Your international moving company survives on repeat customers and referrals, but those channels plateau quickly—especially when competitors are actively building partnerships to expand their reach. Strategic partnerships let you tap into complementary businesses' customer bases, share marketing costs, and position yourself as the go-to solution for expats and corporate relocations.
Why Partnerships Matter for International Movers
International relocation is rarely a standalone purchase. Customers need visa consultants, real estate agents, customs brokers, shipping insurance providers, and storage facilities. By partnering with these businesses, you become embedded in their recommendations, gaining access to warm leads who are already in "moving mode." This beats cold outreach every time.
Partnerships also solve a fundamental problem: international moving requires different expertise depending on the destination. A mover handling UK-to-Australia relocations needs different regulatory knowledge than one moving to Southeast Asia. Strategic alliances let you confidently refer clients to specialists and receive referrals in return, expanding your effective service range without hiring additional staff.

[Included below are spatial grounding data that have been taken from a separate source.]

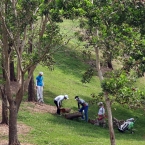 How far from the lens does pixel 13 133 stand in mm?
14594

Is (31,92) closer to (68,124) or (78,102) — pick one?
(78,102)

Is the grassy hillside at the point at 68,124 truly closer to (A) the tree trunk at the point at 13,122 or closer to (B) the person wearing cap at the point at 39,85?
(B) the person wearing cap at the point at 39,85

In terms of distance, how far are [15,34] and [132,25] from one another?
3.95 m

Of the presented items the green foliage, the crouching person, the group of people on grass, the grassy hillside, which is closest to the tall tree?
the green foliage

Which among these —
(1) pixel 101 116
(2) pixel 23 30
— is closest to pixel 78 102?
(1) pixel 101 116

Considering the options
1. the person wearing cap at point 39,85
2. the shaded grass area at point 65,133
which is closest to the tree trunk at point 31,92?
the person wearing cap at point 39,85

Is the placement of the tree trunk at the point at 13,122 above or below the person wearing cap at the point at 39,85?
below

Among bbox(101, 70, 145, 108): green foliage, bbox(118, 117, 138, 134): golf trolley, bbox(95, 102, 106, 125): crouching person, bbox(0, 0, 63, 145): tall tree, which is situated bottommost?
bbox(118, 117, 138, 134): golf trolley

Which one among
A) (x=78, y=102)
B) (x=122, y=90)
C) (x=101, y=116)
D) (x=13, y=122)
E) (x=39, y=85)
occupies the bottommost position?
(x=101, y=116)

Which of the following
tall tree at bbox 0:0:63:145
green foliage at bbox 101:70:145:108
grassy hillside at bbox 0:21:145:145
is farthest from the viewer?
grassy hillside at bbox 0:21:145:145

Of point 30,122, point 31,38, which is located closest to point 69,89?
point 30,122

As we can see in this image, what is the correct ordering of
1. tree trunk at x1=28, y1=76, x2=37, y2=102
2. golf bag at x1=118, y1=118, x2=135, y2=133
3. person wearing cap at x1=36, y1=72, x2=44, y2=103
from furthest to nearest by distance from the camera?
person wearing cap at x1=36, y1=72, x2=44, y2=103
tree trunk at x1=28, y1=76, x2=37, y2=102
golf bag at x1=118, y1=118, x2=135, y2=133

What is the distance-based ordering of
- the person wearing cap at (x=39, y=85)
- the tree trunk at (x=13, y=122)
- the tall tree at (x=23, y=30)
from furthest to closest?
the person wearing cap at (x=39, y=85) → the tree trunk at (x=13, y=122) → the tall tree at (x=23, y=30)

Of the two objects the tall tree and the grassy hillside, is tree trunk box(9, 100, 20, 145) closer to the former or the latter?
the tall tree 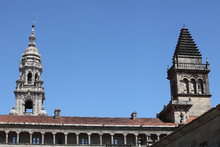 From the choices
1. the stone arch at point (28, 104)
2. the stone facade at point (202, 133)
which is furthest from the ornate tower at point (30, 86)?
the stone facade at point (202, 133)

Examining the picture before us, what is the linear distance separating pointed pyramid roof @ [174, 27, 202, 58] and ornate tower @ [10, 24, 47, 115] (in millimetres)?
38747

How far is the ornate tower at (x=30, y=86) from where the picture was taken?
356 ft

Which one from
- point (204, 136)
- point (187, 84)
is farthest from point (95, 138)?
point (204, 136)

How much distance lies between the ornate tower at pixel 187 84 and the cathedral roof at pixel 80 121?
160 inches

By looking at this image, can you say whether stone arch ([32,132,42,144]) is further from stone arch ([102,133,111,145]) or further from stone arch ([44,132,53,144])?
stone arch ([102,133,111,145])

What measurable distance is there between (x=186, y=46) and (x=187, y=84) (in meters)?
9.13

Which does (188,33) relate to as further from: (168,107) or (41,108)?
(41,108)

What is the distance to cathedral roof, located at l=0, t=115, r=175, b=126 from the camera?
7150 centimetres

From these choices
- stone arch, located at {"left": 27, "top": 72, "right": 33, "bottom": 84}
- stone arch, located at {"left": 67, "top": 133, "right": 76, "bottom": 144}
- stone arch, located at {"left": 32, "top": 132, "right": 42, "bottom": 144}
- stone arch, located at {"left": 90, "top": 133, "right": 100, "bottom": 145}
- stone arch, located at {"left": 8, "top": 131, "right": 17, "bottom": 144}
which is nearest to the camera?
stone arch, located at {"left": 8, "top": 131, "right": 17, "bottom": 144}

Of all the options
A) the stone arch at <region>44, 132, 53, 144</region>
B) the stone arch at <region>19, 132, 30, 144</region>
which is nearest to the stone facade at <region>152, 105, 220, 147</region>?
the stone arch at <region>44, 132, 53, 144</region>

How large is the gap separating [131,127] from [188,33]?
2749 cm

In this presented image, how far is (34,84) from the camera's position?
11350cm

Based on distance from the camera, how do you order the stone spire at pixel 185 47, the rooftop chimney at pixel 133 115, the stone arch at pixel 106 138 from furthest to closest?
the stone spire at pixel 185 47 → the rooftop chimney at pixel 133 115 → the stone arch at pixel 106 138

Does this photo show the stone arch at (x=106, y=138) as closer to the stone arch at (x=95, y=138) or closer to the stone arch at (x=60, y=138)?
the stone arch at (x=95, y=138) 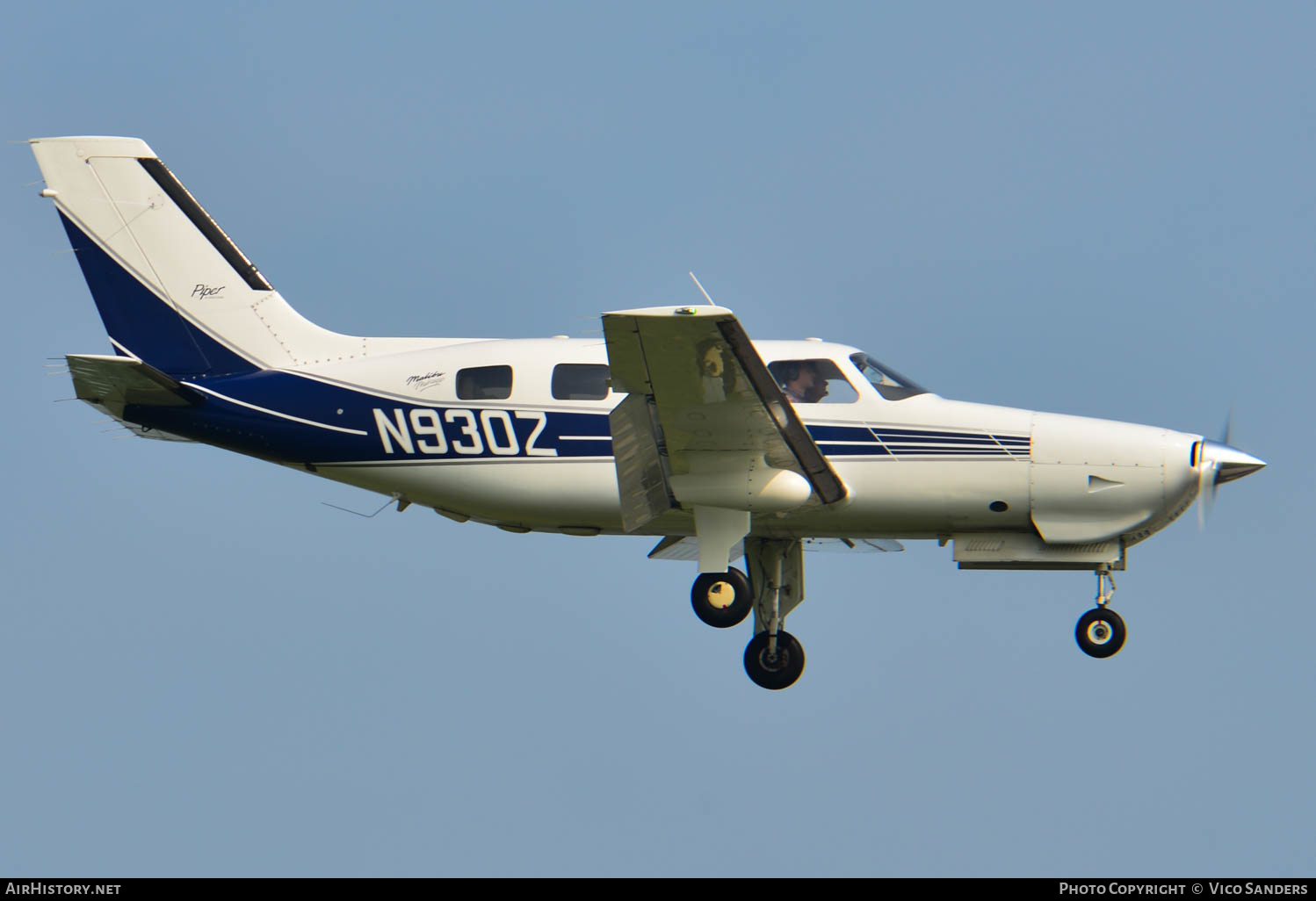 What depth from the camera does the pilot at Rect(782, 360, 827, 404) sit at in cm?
1543

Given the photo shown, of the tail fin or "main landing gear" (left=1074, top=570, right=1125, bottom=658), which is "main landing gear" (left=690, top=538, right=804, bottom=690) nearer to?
"main landing gear" (left=1074, top=570, right=1125, bottom=658)

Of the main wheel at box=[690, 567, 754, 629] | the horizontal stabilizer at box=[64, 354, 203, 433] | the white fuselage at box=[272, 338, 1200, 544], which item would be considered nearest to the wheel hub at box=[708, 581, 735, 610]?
the main wheel at box=[690, 567, 754, 629]

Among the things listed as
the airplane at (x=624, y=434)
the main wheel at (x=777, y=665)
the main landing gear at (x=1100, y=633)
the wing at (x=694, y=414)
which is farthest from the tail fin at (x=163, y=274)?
the main landing gear at (x=1100, y=633)

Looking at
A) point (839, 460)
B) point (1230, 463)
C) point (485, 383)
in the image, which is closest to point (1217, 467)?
point (1230, 463)

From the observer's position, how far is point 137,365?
15.8m

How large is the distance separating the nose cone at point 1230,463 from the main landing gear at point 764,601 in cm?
452

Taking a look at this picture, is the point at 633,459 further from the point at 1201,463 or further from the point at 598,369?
the point at 1201,463

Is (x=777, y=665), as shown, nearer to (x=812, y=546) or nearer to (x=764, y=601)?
(x=764, y=601)

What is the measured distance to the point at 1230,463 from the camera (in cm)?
1502

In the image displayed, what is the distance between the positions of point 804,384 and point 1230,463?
4215 mm

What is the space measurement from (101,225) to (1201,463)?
1214 cm

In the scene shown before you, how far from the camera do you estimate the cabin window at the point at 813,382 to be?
1542 cm

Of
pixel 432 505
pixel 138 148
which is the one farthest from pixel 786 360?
pixel 138 148

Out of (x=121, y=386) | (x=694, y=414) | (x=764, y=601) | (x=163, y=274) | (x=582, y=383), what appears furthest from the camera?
(x=163, y=274) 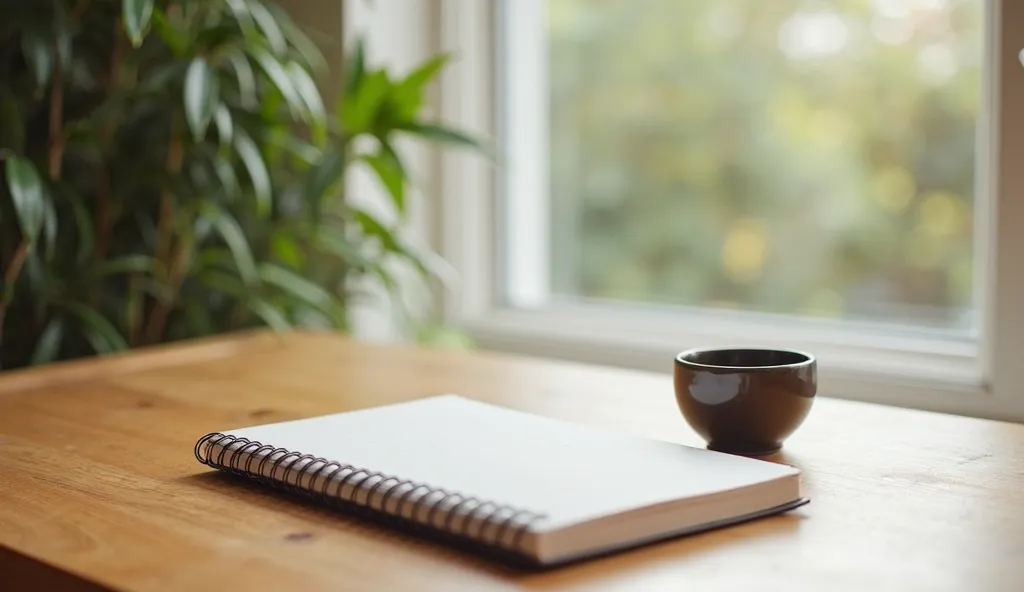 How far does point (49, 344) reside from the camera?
1.41 m

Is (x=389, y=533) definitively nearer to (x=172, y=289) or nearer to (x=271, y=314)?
(x=271, y=314)

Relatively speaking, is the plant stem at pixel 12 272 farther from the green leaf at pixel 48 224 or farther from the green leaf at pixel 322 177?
the green leaf at pixel 322 177

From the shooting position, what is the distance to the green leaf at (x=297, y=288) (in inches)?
60.3

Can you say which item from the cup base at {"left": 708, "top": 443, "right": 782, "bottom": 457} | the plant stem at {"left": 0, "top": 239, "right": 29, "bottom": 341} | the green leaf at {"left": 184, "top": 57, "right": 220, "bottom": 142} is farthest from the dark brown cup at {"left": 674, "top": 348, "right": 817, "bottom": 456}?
the plant stem at {"left": 0, "top": 239, "right": 29, "bottom": 341}

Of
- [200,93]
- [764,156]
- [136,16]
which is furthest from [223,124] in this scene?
[764,156]

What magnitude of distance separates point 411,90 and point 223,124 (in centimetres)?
27

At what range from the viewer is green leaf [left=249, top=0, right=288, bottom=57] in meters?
1.39

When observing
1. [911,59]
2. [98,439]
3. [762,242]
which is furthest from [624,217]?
[98,439]

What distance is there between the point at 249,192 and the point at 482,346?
0.49 m

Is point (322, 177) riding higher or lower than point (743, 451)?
higher

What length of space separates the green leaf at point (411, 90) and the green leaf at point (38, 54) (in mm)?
436

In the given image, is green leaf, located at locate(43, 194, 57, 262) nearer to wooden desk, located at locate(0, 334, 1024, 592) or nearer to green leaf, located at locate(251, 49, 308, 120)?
wooden desk, located at locate(0, 334, 1024, 592)

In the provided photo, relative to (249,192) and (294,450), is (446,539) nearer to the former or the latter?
(294,450)

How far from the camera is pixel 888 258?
8.63ft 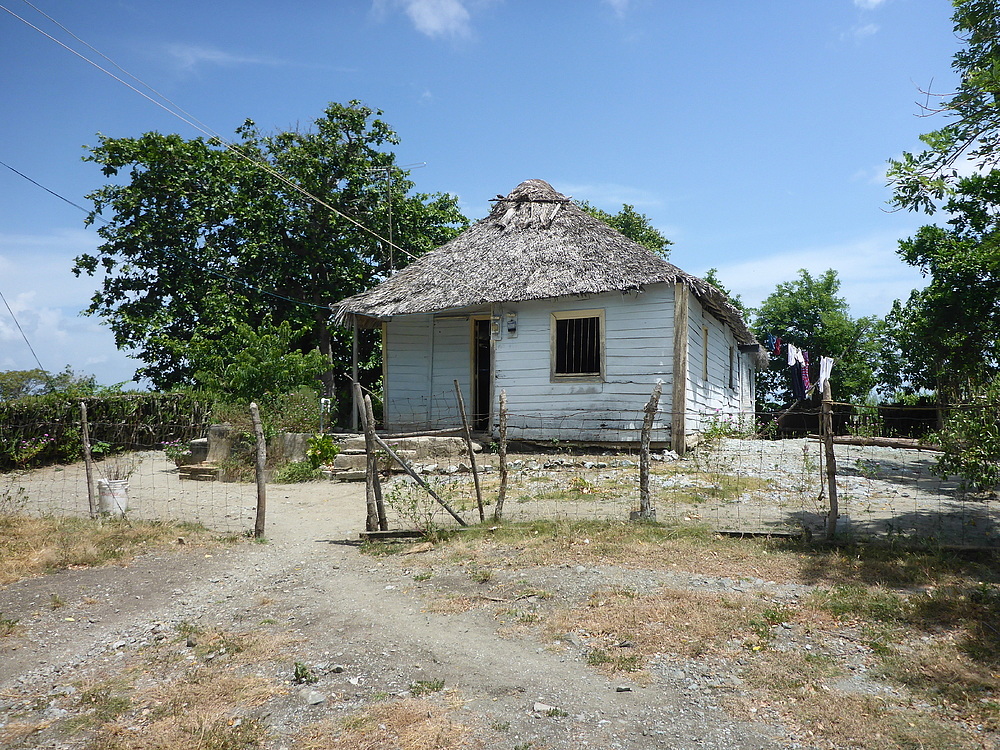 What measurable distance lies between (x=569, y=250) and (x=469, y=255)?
2.31 meters

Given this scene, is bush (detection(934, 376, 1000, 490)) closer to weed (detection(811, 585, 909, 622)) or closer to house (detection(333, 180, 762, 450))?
weed (detection(811, 585, 909, 622))

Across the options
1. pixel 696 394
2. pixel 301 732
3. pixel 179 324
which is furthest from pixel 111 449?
pixel 301 732

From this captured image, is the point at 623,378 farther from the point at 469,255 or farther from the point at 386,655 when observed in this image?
the point at 386,655

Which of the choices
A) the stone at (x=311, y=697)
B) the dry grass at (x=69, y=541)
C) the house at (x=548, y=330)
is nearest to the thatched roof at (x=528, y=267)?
the house at (x=548, y=330)

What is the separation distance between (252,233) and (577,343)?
13.0 meters

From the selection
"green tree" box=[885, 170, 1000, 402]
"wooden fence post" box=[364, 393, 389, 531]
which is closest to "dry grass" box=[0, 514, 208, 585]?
"wooden fence post" box=[364, 393, 389, 531]

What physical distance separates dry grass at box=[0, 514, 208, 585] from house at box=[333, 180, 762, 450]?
20.3 ft

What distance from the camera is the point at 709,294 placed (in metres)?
13.2

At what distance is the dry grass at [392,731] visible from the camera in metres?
3.53

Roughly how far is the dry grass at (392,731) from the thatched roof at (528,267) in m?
9.34

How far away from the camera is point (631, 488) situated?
9406 millimetres

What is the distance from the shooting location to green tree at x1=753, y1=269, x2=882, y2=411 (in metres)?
23.9

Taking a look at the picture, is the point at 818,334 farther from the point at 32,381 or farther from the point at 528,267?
the point at 32,381

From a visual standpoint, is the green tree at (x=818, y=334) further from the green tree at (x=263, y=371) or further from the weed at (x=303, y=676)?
the weed at (x=303, y=676) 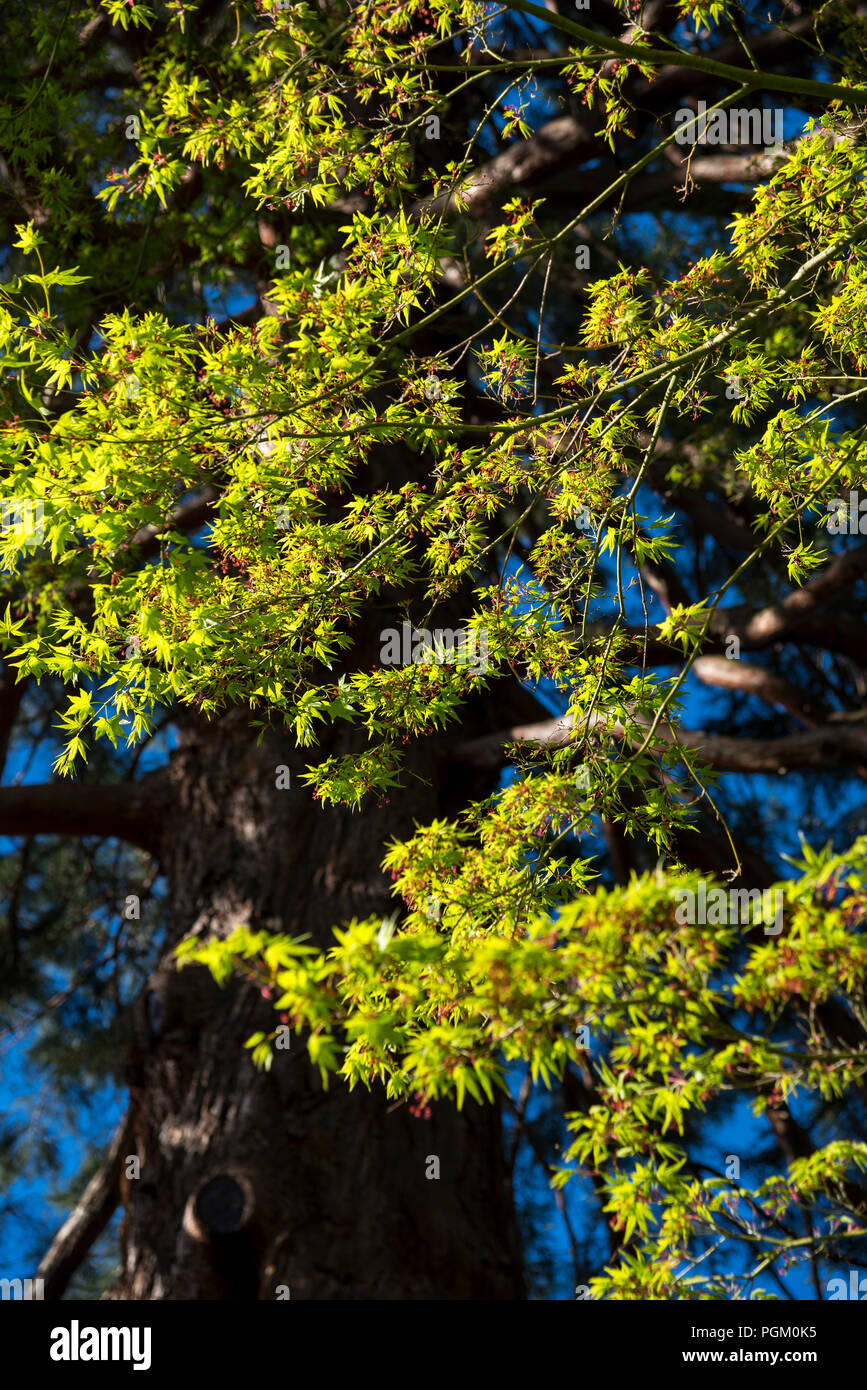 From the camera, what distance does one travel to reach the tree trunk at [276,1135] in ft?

Identify High-Value Partner Categories
Start by mapping the customer journey. A typical international relocant touches:
- Visa and immigration consultants – They're first-touch partners who understand your target demographic
- Corporate relocation management companies – They handle bulk bookings for multinational employees
- Real estate agents (destination-focused) – They connect you with fresh arrivals needing household goods moved to their new home
- International shipping insurers – They validate the need for your services to their clients
- Currency exchange and financial services – They advise expats and can cross-sell your services
- Customs brokers – Essential for high-value moves and frequently contacted by clients planning relocations
Don't partner with direct competitors, but do consider movers in non-overlapping geographic zones—a London-based mover and a Sydney-based mover can refer each other without conflict.
Building and Structuring Partnership Agreements
The best partnerships have clear, mutual benefit. Start conversations by explaining what you can genuinely offer the partner, not what you need from them.
Typical partnership structures include:
- Referral commissions – 5–15% of revenue is standard in the moving industry; adjust based on the level of effort required from the partner
- Co-marketing – Share the cost of a landing page, email campaign, or webinar about international relocation; expect $500–$2,500 per campaign depending on scope
- Revenue sharing – Partner handles sales/customer acquisition, you handle the service; split 60/40 or 70/30 depending on roles
- Bundled service packages – Package your moving service with their visa consulting or real estate brokerage; price to avoid margin erosion on either side
Get details in writing. A one-page agreement covering commission rates, exclusivity (if any), term length, and dispute resolution prevents misunderstandings that kill partnerships.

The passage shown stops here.